Supplied information =>
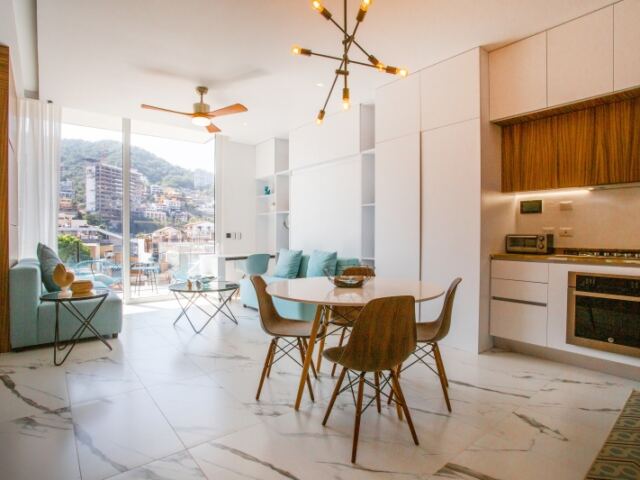 Pool, Hot Tub, Gym & Workspace in Romantic Zone
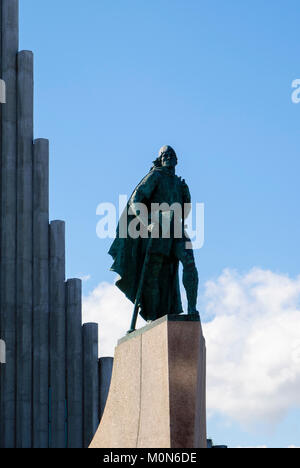 Statue de l'explorateur Viking Leif Erikson ou Leifur Eriksson à l'extérieur. Hallgrímskirkja Reykjavik, Islande Banque D'Images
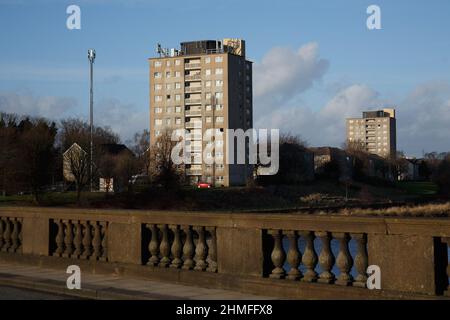 Mainway, Lancaster, Royaume-Uni. 9th févr. 2022. L'acquisition du Skerton High Scool vide, situé à côté de la propriété Mainway, est considérée comme un élément clé du réaménagement de la propriété 1960. Le conseil municipal a également approuvé la phase 1 accélérée qui permettra la modernisation des appartements de Lune et Derby Houses Credit: PN News/Alay Live News Banque D'Images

Exercise objective => Set down the material above exactly. Skip any picture.

Solution for this task =>
 Pool, Hot Tub, Gym & Workspace in Romantic Zone
 Statue de l'explorateur Viking Leif Erikson ou Leifur Eriksson à l'extérieur. Hallgrímskirkja Reykjavik, Islande Banque D'Images
 Mainway, Lancaster, Royaume-Uni. 9th févr. 2022. L'acquisition du Skerton High Scool vide, situé à côté de la propriété Mainway, est considérée comme un élément clé du réaménagement de la propriété 1960. Le conseil municipal a également approuvé la phase 1 accélérée qui permettra la modernisation des appartements de Lune et Derby Houses Credit: PN News/Alay Live News Banque D'Images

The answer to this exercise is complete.